### Task
Using the data below, reproduce exactly the lines from the line with "Since it is" to the line with "Hi. In this", both included; pictures must be dropped.

### Listed entries
__________________________________________________

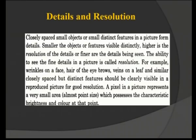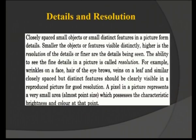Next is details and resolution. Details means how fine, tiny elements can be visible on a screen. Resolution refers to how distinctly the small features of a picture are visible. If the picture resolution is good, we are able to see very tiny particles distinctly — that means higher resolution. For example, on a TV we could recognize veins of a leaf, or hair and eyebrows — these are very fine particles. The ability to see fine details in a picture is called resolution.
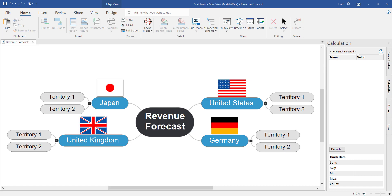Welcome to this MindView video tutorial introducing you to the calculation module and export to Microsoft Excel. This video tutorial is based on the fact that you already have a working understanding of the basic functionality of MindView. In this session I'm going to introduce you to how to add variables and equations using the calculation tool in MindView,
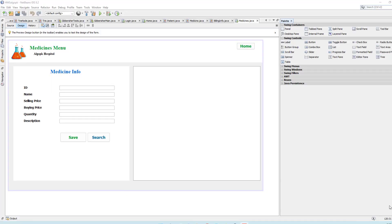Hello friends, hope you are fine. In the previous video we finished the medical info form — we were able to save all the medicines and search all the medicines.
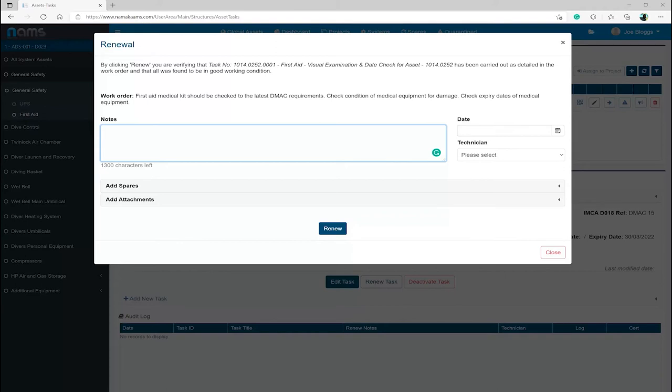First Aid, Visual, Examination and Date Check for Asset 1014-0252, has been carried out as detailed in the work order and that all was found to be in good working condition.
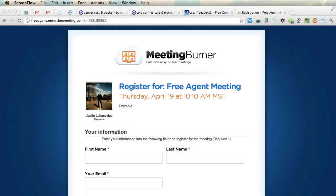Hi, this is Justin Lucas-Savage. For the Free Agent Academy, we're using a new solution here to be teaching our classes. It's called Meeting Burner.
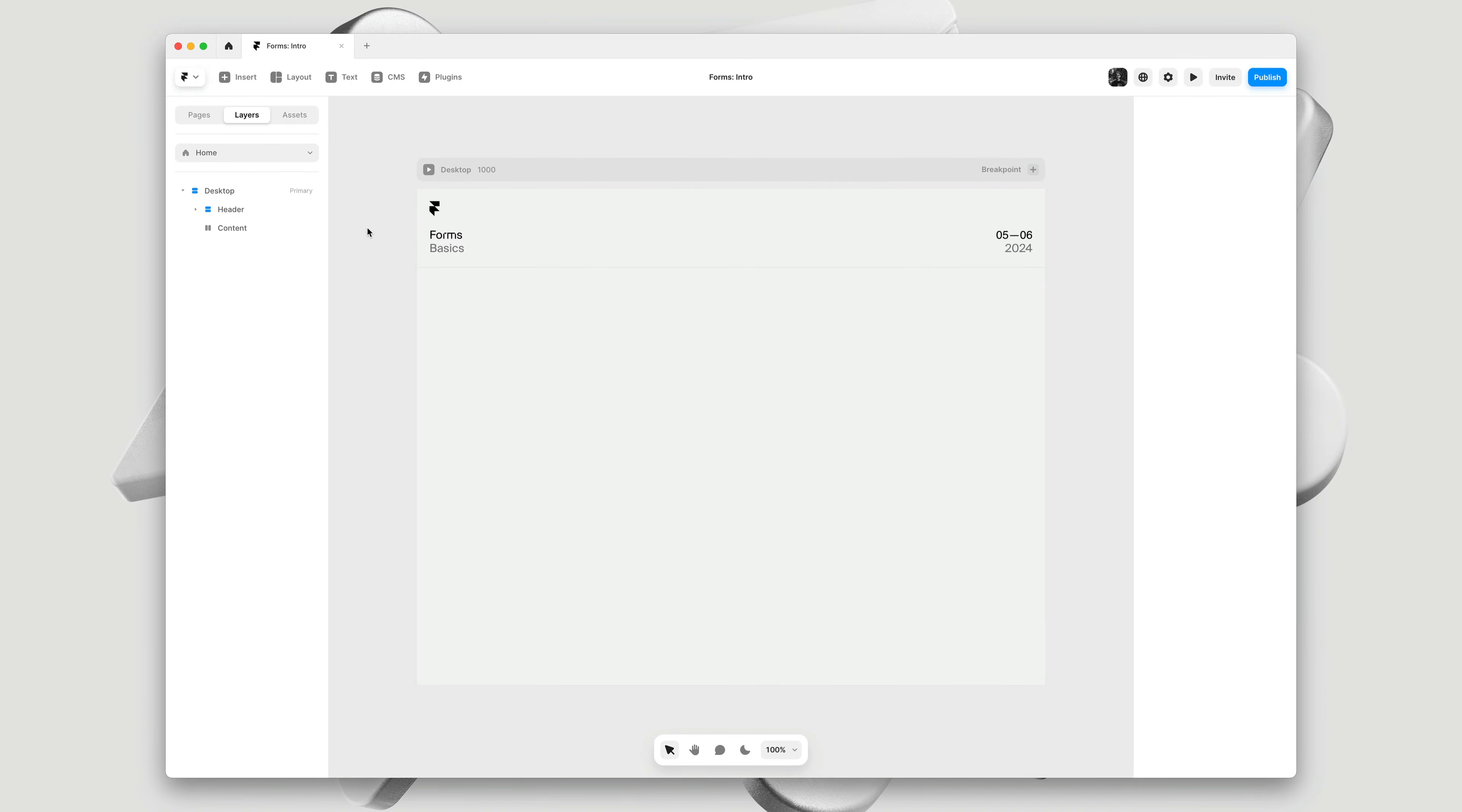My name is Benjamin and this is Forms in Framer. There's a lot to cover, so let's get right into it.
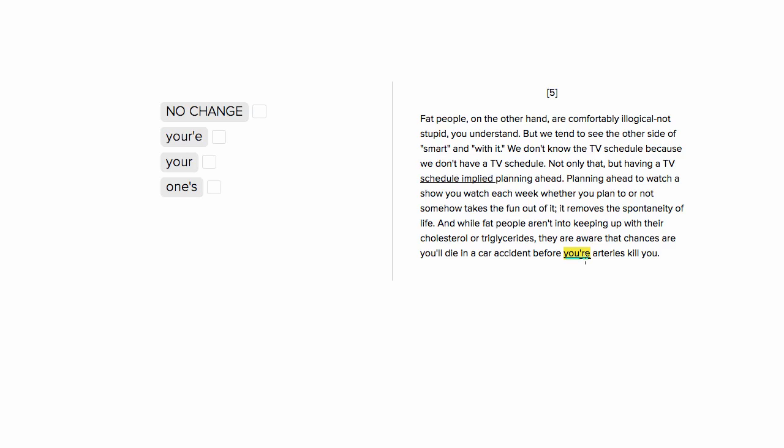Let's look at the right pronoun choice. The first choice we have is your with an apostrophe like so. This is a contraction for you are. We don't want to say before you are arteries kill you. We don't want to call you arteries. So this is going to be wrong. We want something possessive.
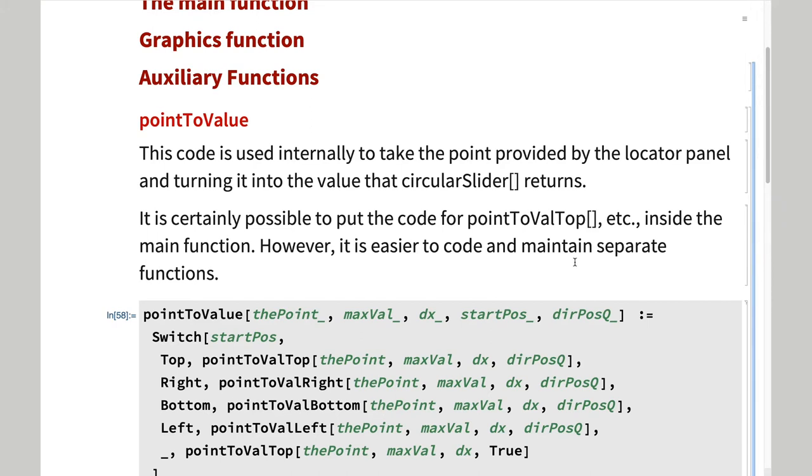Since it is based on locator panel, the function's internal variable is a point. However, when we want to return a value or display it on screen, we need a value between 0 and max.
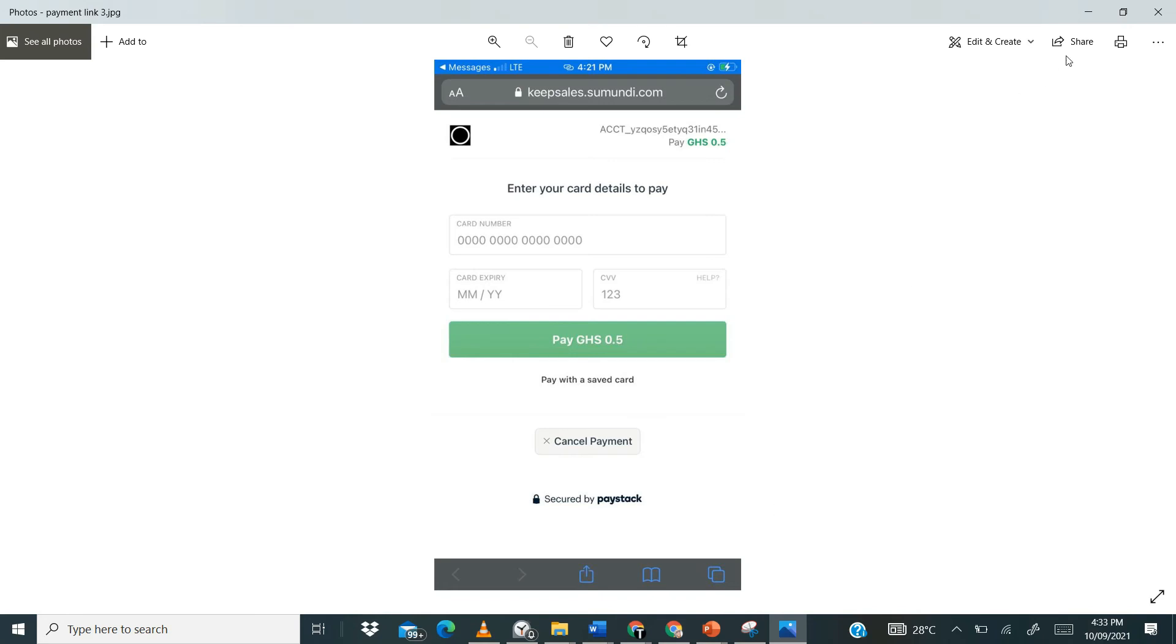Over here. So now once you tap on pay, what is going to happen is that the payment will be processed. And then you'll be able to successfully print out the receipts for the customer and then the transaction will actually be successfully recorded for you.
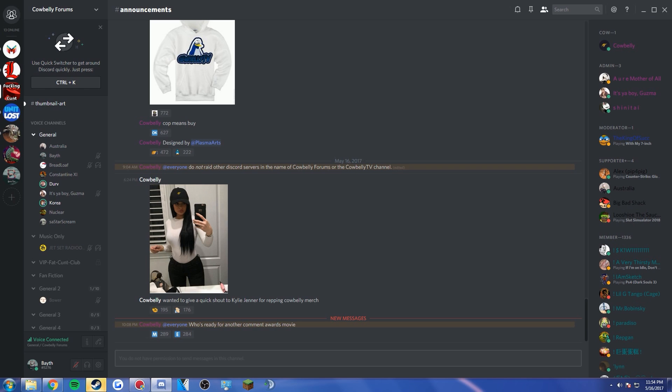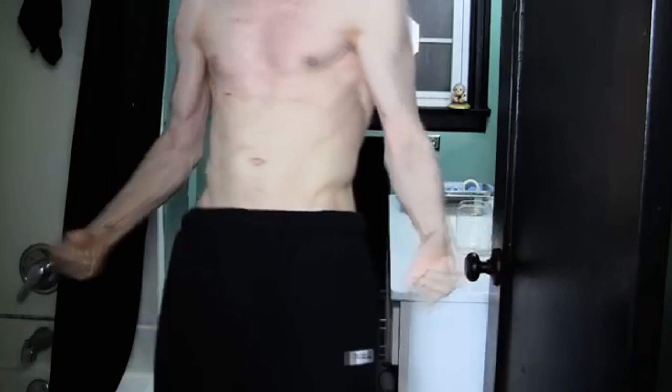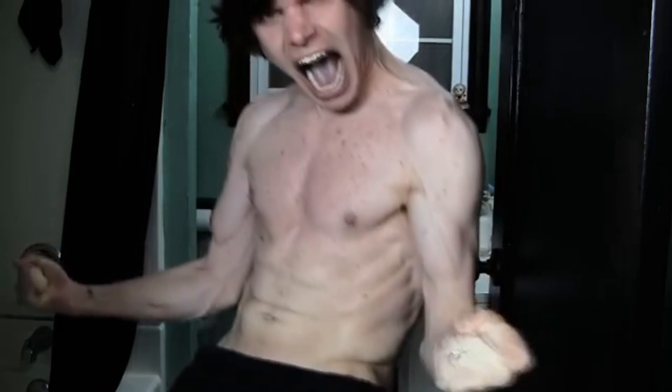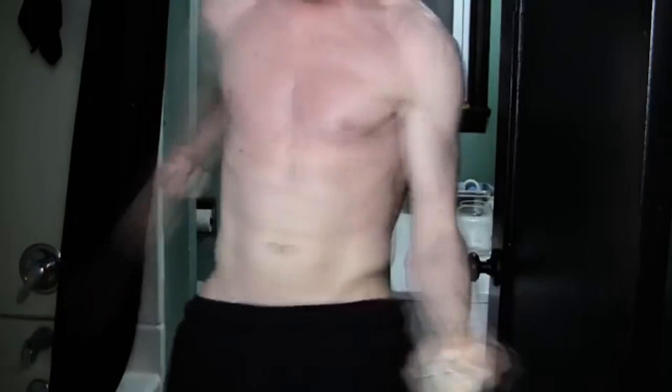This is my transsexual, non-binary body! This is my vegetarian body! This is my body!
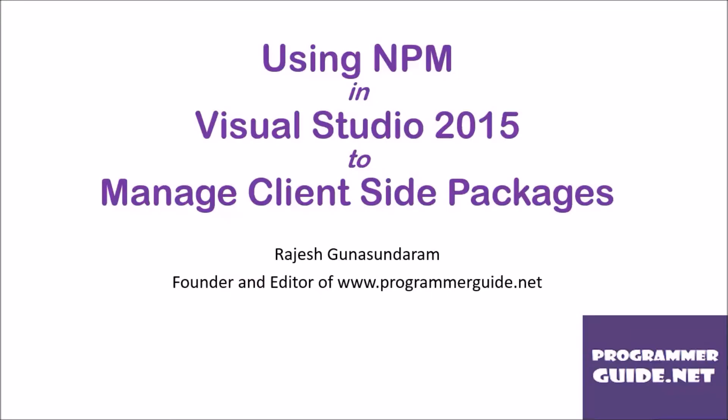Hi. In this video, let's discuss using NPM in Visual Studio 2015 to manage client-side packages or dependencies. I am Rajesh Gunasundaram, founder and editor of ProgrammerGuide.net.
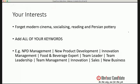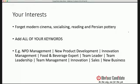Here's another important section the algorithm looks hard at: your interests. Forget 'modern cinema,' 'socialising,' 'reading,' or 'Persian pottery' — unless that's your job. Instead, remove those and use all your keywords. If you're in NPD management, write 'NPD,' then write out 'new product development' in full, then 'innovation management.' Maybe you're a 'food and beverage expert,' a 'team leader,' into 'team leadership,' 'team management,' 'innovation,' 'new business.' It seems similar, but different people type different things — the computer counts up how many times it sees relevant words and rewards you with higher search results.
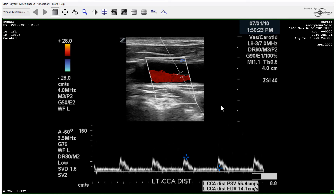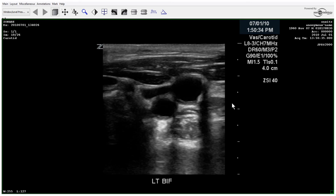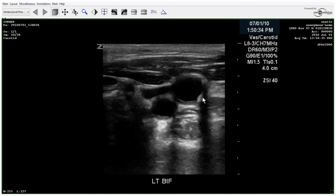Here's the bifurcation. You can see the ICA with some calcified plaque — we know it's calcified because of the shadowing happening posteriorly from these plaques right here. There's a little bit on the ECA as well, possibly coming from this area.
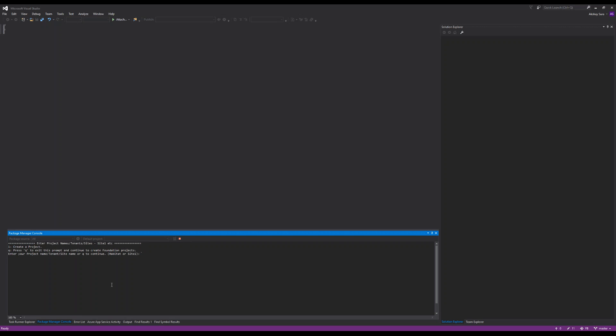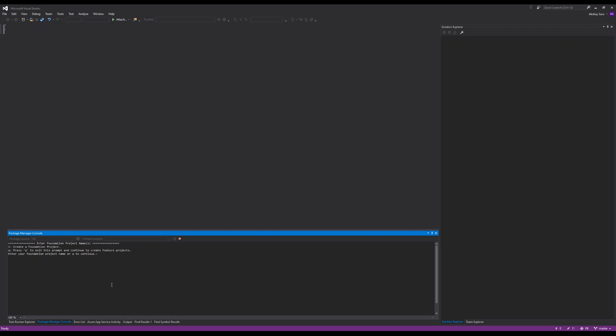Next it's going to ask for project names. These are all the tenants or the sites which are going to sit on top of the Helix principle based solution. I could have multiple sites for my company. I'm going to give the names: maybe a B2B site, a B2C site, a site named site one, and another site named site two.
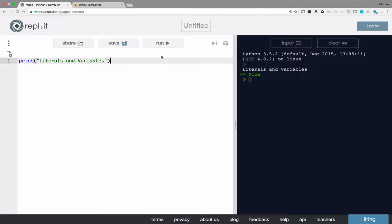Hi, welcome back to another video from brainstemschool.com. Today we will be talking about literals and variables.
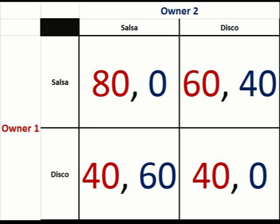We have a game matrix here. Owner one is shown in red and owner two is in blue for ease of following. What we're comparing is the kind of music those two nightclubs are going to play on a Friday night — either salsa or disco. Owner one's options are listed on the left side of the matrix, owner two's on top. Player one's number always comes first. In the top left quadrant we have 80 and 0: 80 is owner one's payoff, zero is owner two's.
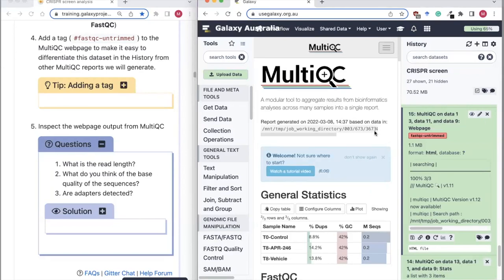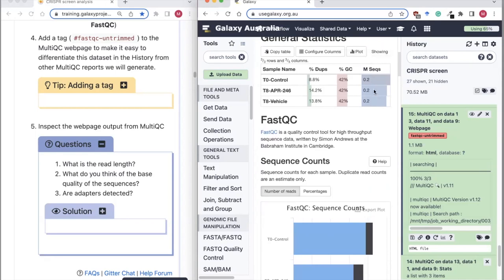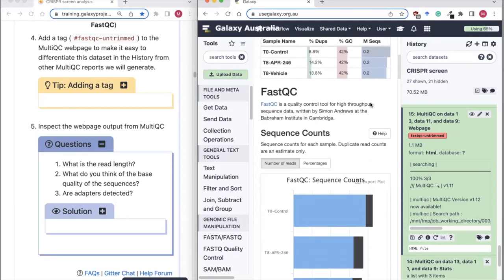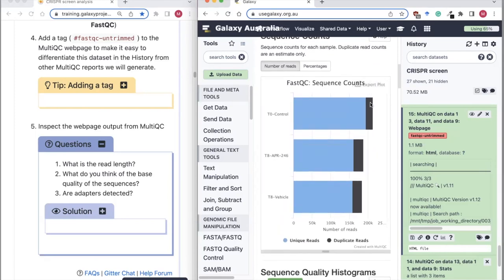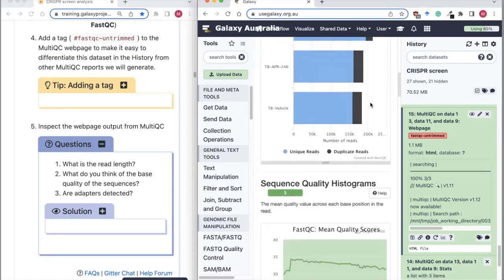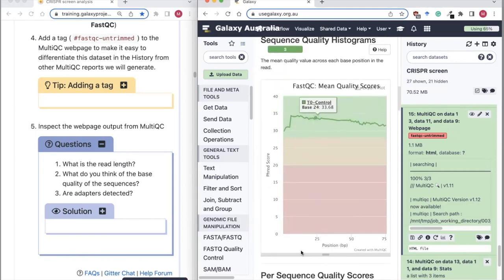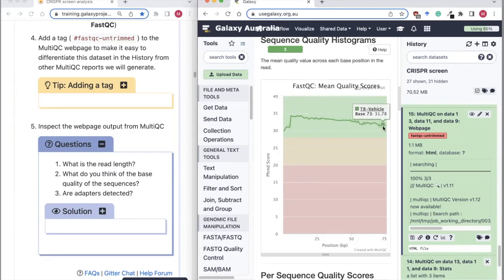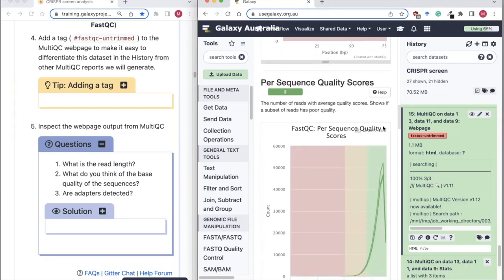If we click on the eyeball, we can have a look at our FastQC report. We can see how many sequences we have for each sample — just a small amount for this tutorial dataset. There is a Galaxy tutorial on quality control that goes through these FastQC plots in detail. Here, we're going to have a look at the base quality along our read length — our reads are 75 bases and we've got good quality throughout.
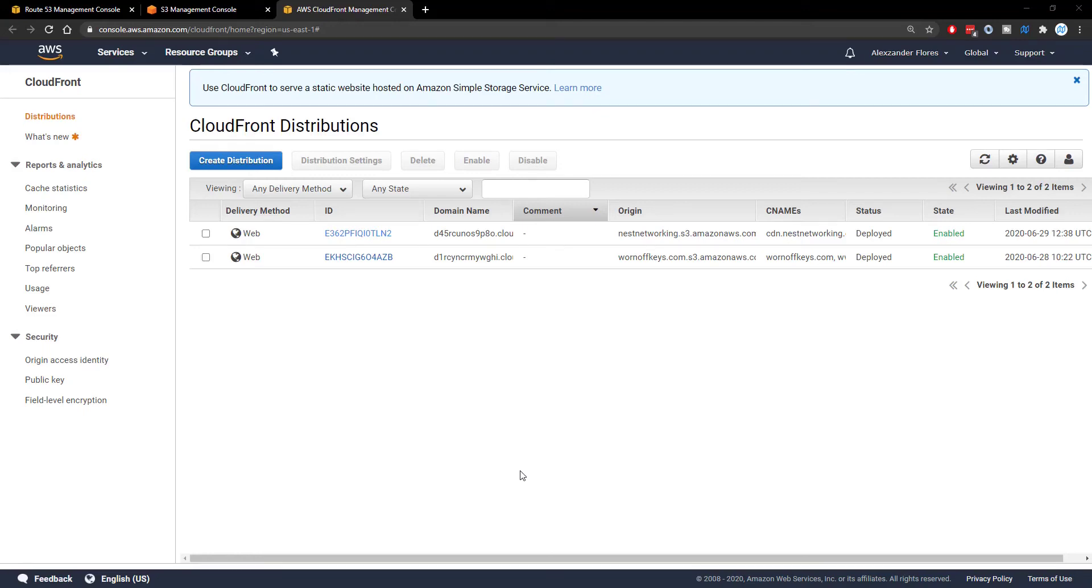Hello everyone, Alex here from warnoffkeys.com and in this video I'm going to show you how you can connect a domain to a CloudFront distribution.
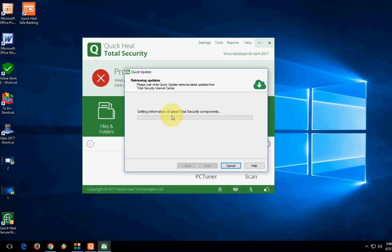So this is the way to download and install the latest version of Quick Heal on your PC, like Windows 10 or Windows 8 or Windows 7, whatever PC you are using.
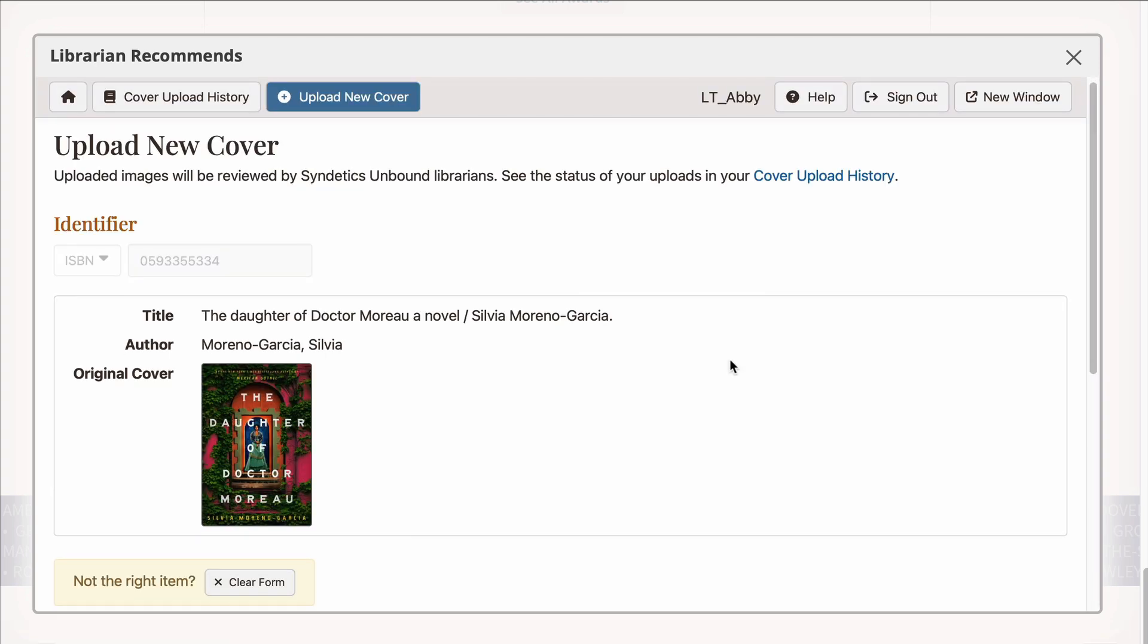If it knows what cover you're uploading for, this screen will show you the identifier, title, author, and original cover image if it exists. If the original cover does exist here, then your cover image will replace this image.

__________________________________________________

### Response to this task
Since it is based on locator panel, the function's internal variable is a point. However, when we want to return a value or display it on screen, we need a value between 0 and max.
Over here. So now once you tap on pay, what is going to happen is that the payment will be processed. And then you'll be able to successfully print out the receipts for the customer and then the transaction will actually be successfully recorded for you.
This is my transsexual, non-binary body! This is my vegetarian body! This is my body!
Hi. In this video, let's discuss using NPM in Visual Studio 2015 to manage client-side packages or dependencies. I am Rajesh Gunasundaram, founder and editor of ProgrammerGuide.net.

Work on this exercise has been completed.